Abstract
As the demand for GPU memory from applications such as machine learning continues to grow exponentially, maximizing GPU memory capacity has become increasingly important. Unified Virtual Memory (UVM), which combines host and GPU memory into a unified address space, allows GPUs to utilize more memory than their physical capacity. However, this advantage comes at the cost of significant overheads when accessing host memory. Although existing prefetching techniques help alleviate these overheads, they still encounter challenges when dealing with irregular workloads and dynamic mixed workloads.
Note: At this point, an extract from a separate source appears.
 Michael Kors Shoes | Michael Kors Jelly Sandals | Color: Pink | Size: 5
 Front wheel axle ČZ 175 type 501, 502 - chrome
In this paper, we demonstrate that the regularity of workloads is strongly correlated with the sharing status of UVM memory blocks among the Streaming Multiprocessors (SMs) of GPUs, which in turn impacts the effectiveness of prefetching. In addition, we propose the Sharing Aware preFEtching technique, SAFE, which dynamically adjusts prefetching strategies based on the sharing status of the accessed memory blocks. SAFE efficiently tracks the sharing status of the memory blocks by leveraging unified TLBs (uTLBs) and enforces tailored prefetching configurations for each block. This approach requires no hardware modifications and incurs negligible performance overhead. Our evaluation shows that SAFE achieves up to a 6.5× performance improvement over UVM default prefetcher for workloads with predominantly irregular memory access patterns, with an average improvement of 3.6×.
Keywords
GPU, Unified Virtual Memory, Prefetching.